• **Required work**
Pictures are to be left out. Return exactly the lines below from the one with "Watercolor Sea Turtle" up to and including the one with "Amazing Green Strapless".

• **The data**
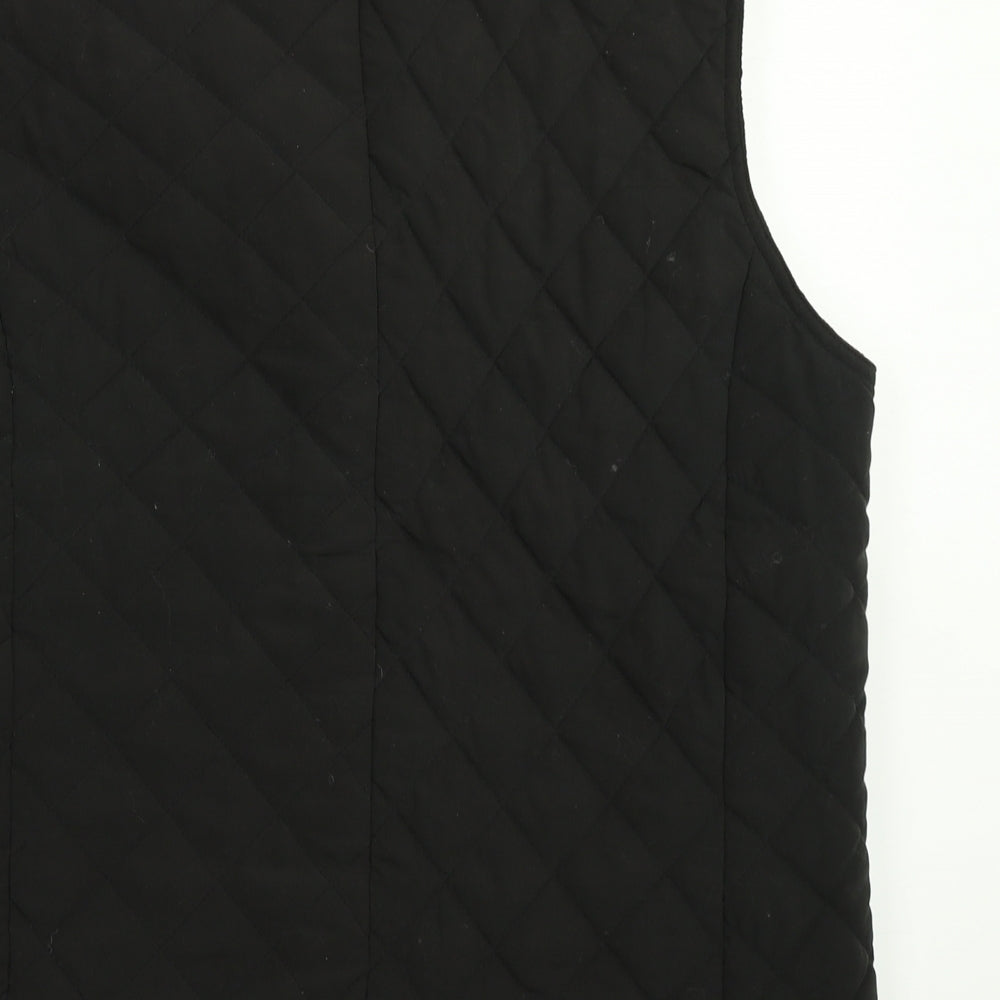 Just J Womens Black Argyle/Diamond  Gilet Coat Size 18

---

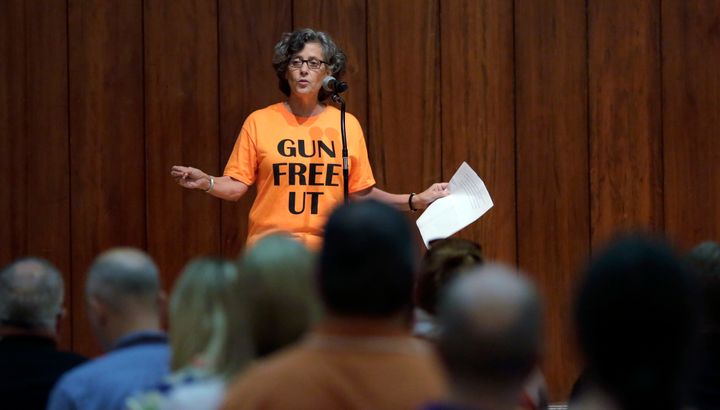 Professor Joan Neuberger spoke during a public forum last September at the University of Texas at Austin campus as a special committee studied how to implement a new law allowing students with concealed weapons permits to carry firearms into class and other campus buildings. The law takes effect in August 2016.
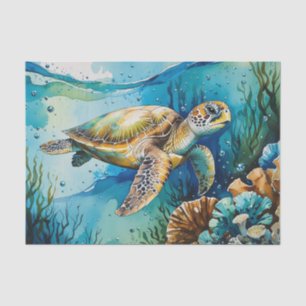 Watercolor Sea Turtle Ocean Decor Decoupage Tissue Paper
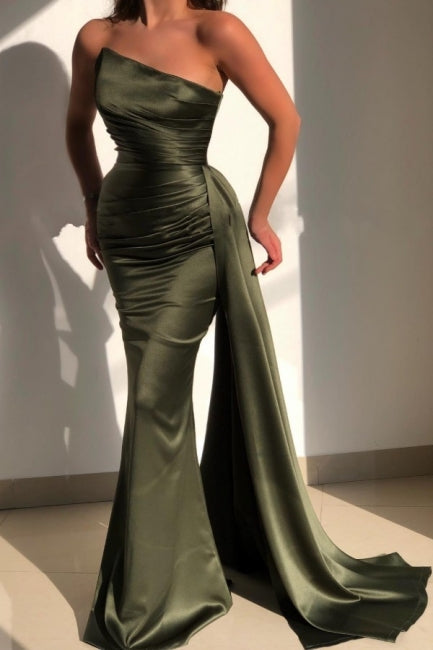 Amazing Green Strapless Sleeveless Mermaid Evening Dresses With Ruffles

• **Answer to this problem**
 Watercolor Sea Turtle Ocean Decor Decoupage Tissue Paper
 Amazing Green Strapless Sleeveless Mermaid Evening Dresses With Ruffles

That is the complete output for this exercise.